[Task directions]: Repeat every record exactly, omitting the pictures.

Short descriptive text snippets
Start of Block

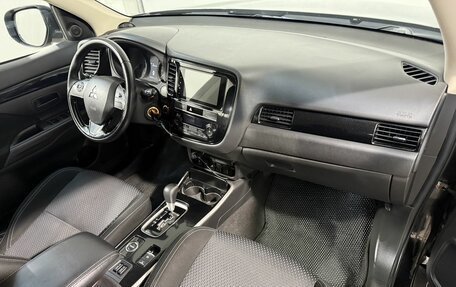 Mitsubishi Outlander III рестайлинг 3, 2019 год, 2 299 800 рублей, 3 фотография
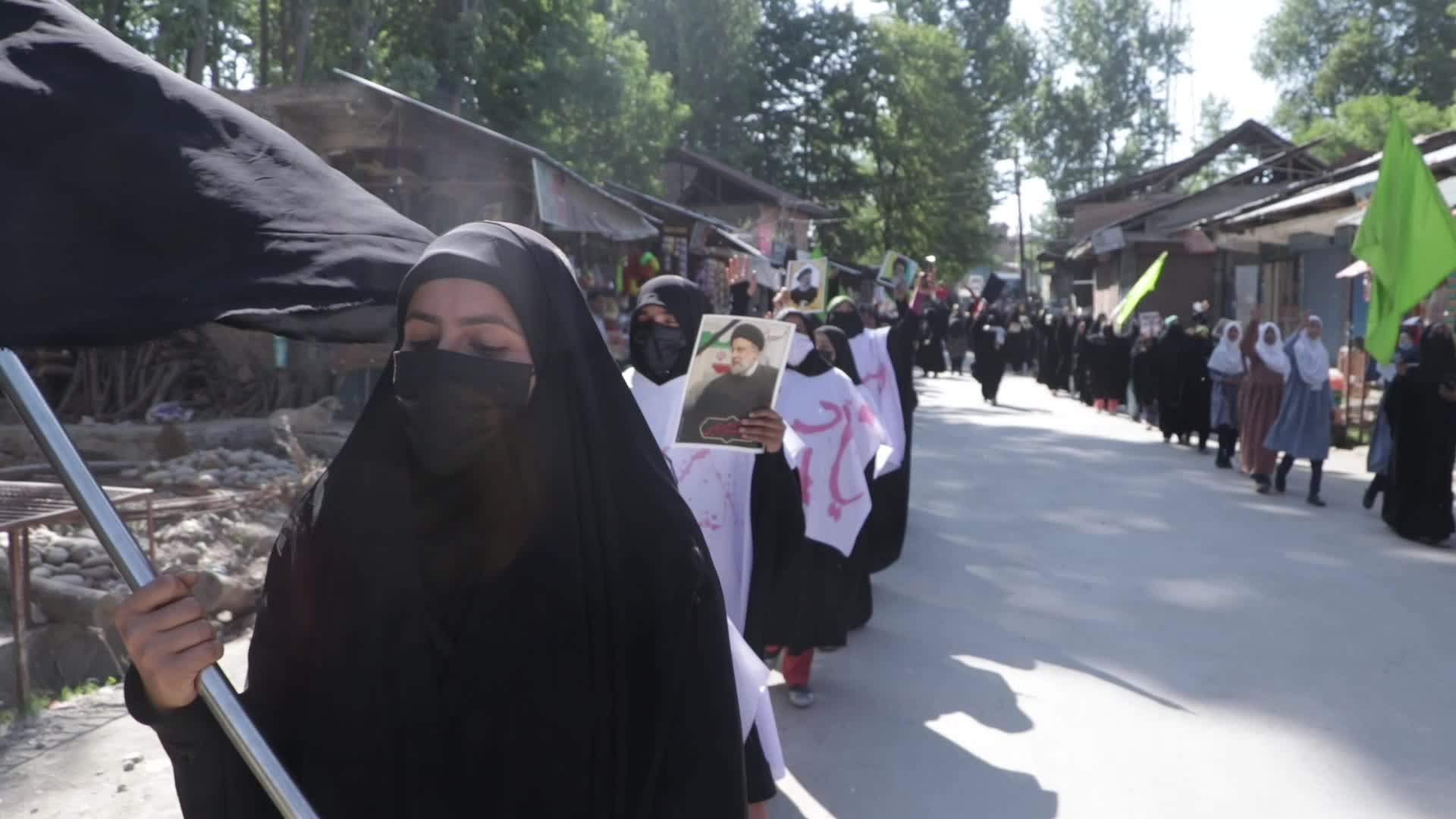 Kashmiri Shia Muslims Rally After Iranian Officials Killed in Helicopter Crash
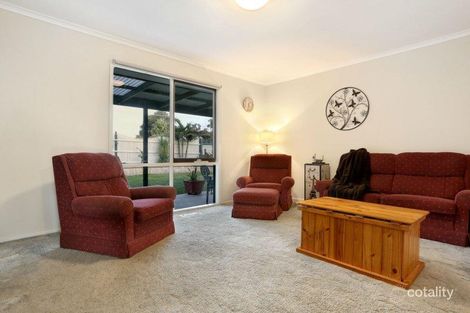 Property photo of 51 Johns Crescent Mount Evelyn VIC 3796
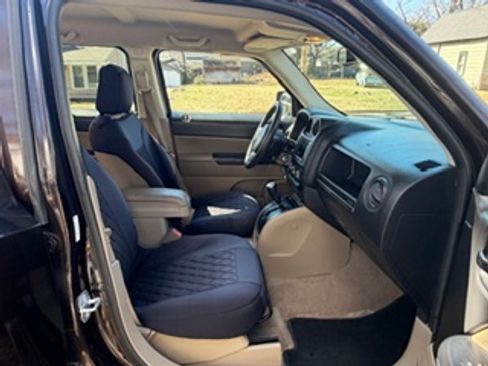 Used 2014 Jeep Patriot Latitude image 9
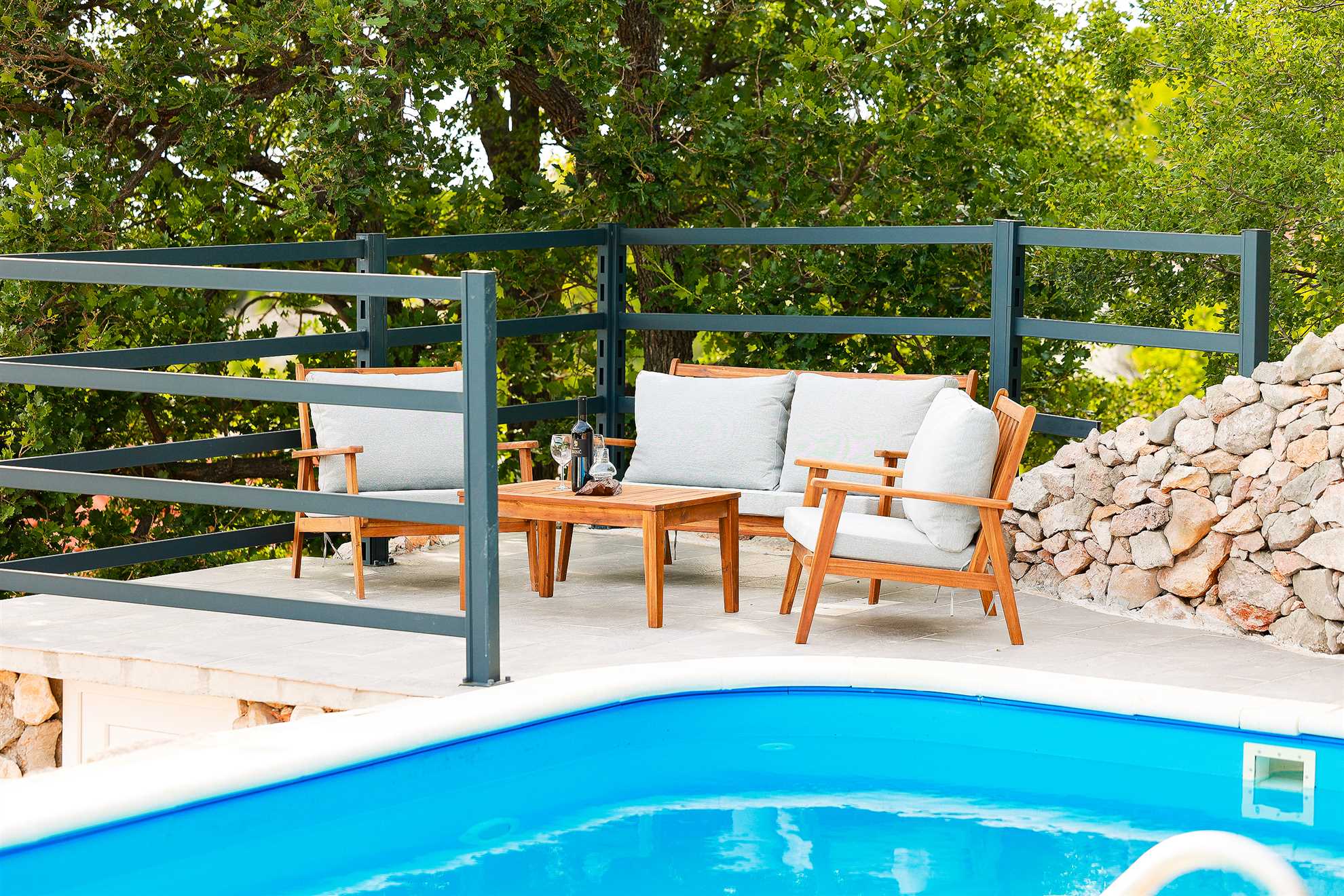 Villa with sea views and pool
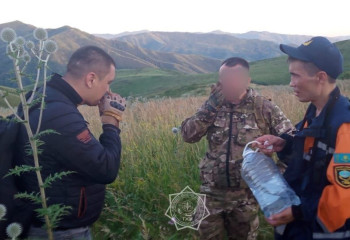 В Восточном Казахстане спасли двух мотоциклистов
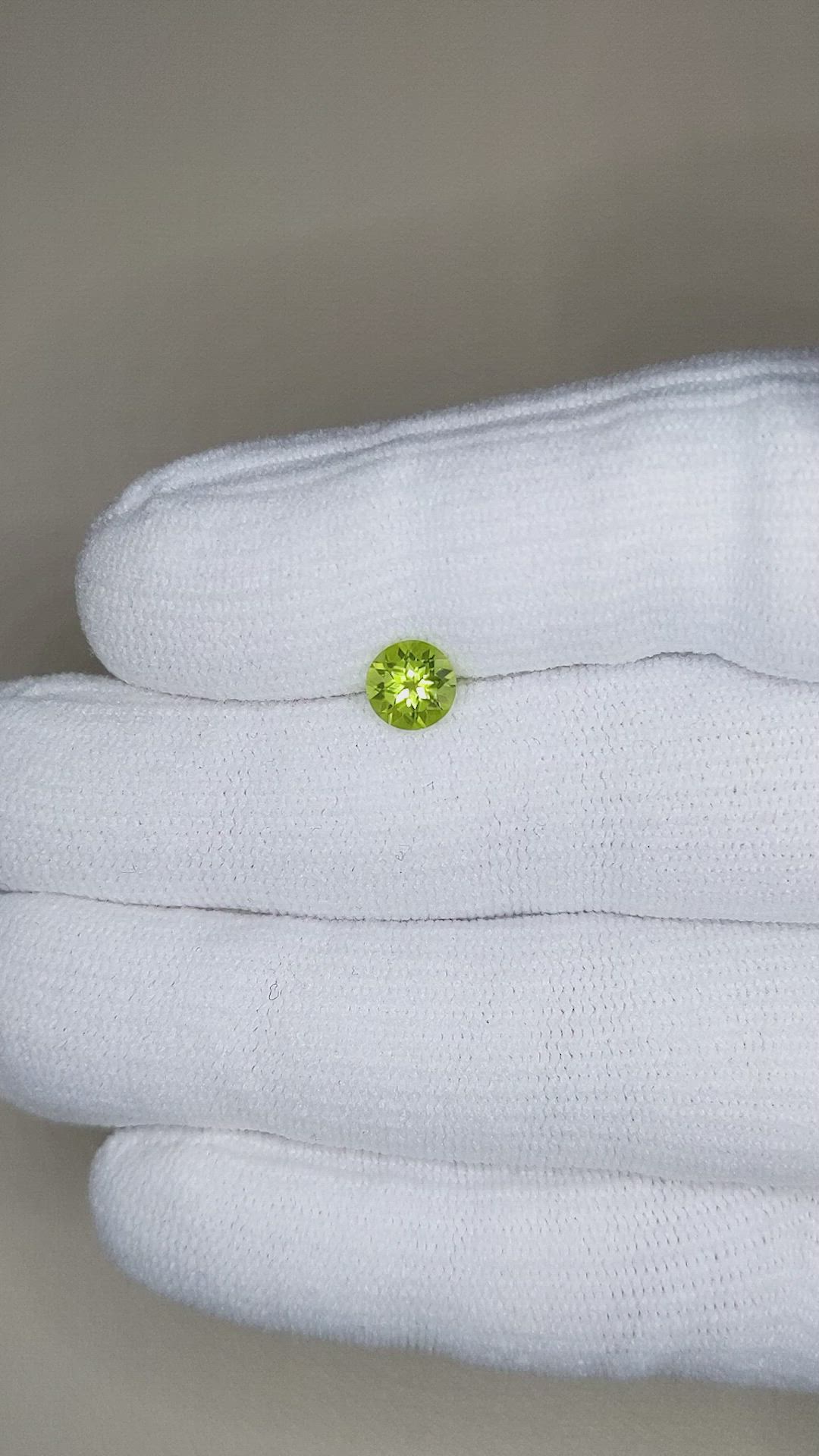 0.92 Ct. Peridot from Pakistan Size Video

End of Block

[Written solution]:
 Mitsubishi Outlander III рестайлинг 3, 2019 год, 2 299 800 рублей, 3 фотография
 Kashmiri Shia Muslims Rally After Iranian Officials Killed in Helicopter Crash
 Property photo of 51 Johns Crescent Mount Evelyn VIC 3796
 Used 2014 Jeep Patriot Latitude image 9
 Villa with sea views and pool
 В Восточном Казахстане спасли двух мотоциклистов
 0.92 Ct. Peridot from Pakistan Size Video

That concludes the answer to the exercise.